MABA seeks to invest in companies the following characteristics:
Strong, commercially-minded management team – Once the company has graduated from a lab research project and engaged at least one key commercially-focused leader, and once the company is focused on the commercialization of an identified asset
Solutions that will change the standard of care – Beyond an incremental improvement, disruptive solutions will ultimately change the way practitioners practice medicine in their field
Regulated products, e.g., therapeutics, devices, diagnostics, some digital (therapeutics, biomarkers, etc.)
Large and growing addressable markets – Markets that can support a large exit, preferably by M&A
Angel friendly investment terms – Angel investors can achieve a return on their investment when they invest in successive rounds (often syndicated) that are traditionally well below $10 million each, and that total ~$30 million or less, before reaching an exit. These are the types of opportunities in which MABA seeks to participate. Rounds that are larger than $10 million, and funding requirements that exceed $40 million in total, to reach an exit, are more suited for venture capital (VC) than for angels, and ones that MABA seeks to avoid.
For additional information, please refer to our Investment Criteria.
If you believe that your company meets our Investment Criteria, please submit an Application for our group’s consideration.
MABA asks all companies seeking funding from us, who believe that they meet the above-noted investment criteria, to submit an application.
As is the case with most angel groups, MABA does not sign Non Disclosure Agreements. We therefore ask that all applications contain only non-confidential information, and information that the applicant is comfortable sharing on a non confidential basis.
Once received, all applications are reviewed by a Screening Committee, about once a month (except for the summer).

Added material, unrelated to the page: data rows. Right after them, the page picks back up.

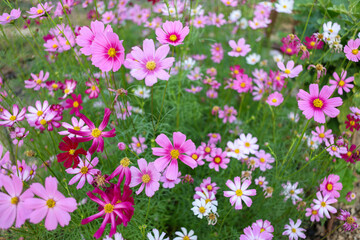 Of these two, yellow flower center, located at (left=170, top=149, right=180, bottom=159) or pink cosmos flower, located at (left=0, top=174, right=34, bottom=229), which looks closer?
pink cosmos flower, located at (left=0, top=174, right=34, bottom=229)

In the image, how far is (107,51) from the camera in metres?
0.95

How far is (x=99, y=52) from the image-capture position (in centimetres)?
94

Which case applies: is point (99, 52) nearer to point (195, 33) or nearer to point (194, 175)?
point (194, 175)

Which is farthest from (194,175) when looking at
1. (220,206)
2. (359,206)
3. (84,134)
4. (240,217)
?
(359,206)

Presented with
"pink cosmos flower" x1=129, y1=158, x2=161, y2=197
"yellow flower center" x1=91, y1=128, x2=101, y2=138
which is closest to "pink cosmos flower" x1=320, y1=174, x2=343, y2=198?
"pink cosmos flower" x1=129, y1=158, x2=161, y2=197

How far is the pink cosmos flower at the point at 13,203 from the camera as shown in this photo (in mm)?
729

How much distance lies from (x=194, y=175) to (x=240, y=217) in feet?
1.16

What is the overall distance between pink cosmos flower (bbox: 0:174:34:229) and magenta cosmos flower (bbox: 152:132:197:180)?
0.39 metres

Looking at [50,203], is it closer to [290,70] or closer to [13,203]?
[13,203]

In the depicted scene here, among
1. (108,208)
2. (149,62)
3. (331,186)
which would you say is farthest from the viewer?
(331,186)

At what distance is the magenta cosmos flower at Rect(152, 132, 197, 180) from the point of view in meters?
0.92

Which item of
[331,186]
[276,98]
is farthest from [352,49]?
[331,186]

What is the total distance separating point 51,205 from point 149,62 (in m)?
0.56

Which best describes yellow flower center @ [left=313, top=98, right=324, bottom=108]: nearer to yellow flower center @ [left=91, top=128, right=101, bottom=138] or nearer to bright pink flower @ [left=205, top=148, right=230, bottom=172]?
bright pink flower @ [left=205, top=148, right=230, bottom=172] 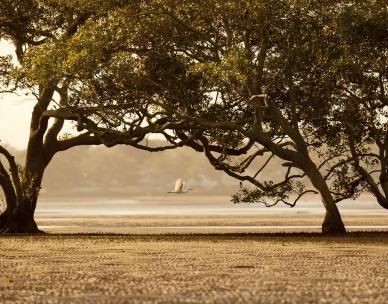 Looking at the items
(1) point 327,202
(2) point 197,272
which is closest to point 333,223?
(1) point 327,202

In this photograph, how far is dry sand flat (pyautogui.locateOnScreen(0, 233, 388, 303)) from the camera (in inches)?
635

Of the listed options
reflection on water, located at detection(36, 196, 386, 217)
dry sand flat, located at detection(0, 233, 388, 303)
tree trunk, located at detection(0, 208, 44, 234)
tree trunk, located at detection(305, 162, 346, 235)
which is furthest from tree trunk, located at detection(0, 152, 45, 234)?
reflection on water, located at detection(36, 196, 386, 217)

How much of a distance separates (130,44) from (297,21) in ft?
20.6

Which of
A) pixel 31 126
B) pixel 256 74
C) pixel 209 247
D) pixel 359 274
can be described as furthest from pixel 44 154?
pixel 359 274

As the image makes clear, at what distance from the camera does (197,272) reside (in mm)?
20797

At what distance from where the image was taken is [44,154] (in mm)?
46625

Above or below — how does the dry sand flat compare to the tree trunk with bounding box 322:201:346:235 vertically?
below

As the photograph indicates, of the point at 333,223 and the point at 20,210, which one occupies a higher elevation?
the point at 20,210

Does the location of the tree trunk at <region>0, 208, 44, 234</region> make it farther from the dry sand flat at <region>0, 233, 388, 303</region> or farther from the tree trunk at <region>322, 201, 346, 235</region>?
the tree trunk at <region>322, 201, 346, 235</region>

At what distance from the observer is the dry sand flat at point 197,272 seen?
52.9 feet

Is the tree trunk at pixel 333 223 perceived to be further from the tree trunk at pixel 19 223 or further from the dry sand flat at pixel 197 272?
the tree trunk at pixel 19 223

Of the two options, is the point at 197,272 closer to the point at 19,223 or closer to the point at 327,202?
the point at 327,202

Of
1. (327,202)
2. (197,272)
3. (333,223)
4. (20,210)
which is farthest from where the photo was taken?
(20,210)

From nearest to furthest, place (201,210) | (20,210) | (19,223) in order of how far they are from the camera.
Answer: (19,223) < (20,210) < (201,210) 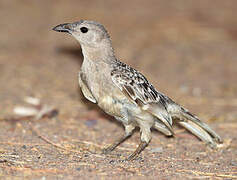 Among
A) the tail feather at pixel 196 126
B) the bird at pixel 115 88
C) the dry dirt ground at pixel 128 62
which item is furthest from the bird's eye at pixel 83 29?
the tail feather at pixel 196 126

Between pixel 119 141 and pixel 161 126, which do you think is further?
pixel 161 126

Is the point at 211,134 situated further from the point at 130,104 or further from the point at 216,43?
the point at 216,43

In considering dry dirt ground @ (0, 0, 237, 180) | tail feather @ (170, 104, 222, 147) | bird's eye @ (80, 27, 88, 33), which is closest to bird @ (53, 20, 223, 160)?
bird's eye @ (80, 27, 88, 33)

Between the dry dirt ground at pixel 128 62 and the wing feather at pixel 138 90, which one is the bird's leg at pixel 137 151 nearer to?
the dry dirt ground at pixel 128 62

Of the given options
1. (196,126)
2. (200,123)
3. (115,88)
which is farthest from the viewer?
(196,126)

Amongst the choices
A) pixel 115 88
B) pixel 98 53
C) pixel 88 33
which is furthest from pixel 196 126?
pixel 88 33

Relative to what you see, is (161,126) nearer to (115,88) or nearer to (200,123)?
(200,123)

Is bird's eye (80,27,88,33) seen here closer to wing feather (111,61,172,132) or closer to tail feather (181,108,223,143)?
wing feather (111,61,172,132)

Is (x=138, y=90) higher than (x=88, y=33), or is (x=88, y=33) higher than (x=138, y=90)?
(x=88, y=33)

Approximately a quarter (25%) of applicants are invited to present to our group in person, while three-quarters (75%) are rejected in screening. MABA responds to all applicants, noting general points of concern raised by the Screening Committee in the rejection notices. The goal of screening is to identify companies that are most likely to generate investment interest from our group. If your company was not selected to present to our group, please do not be discouraged. Just because our specific blend of investors may not be interested in your opportunity does not mean that others will not find it attractive. Also, we encourage companies that are able to address the points noted in the rejections, to re-apply to us in the future.
More than half of companies that present to our group proceed to diligence after their presentation.
Approximately 2% of applicants receive funding from our group.
The entire process – from the moment an application is sent in, until a positive funding decision is made usually takes between three to six (3-6) months. Summer and holiday breaks can extend the timeline.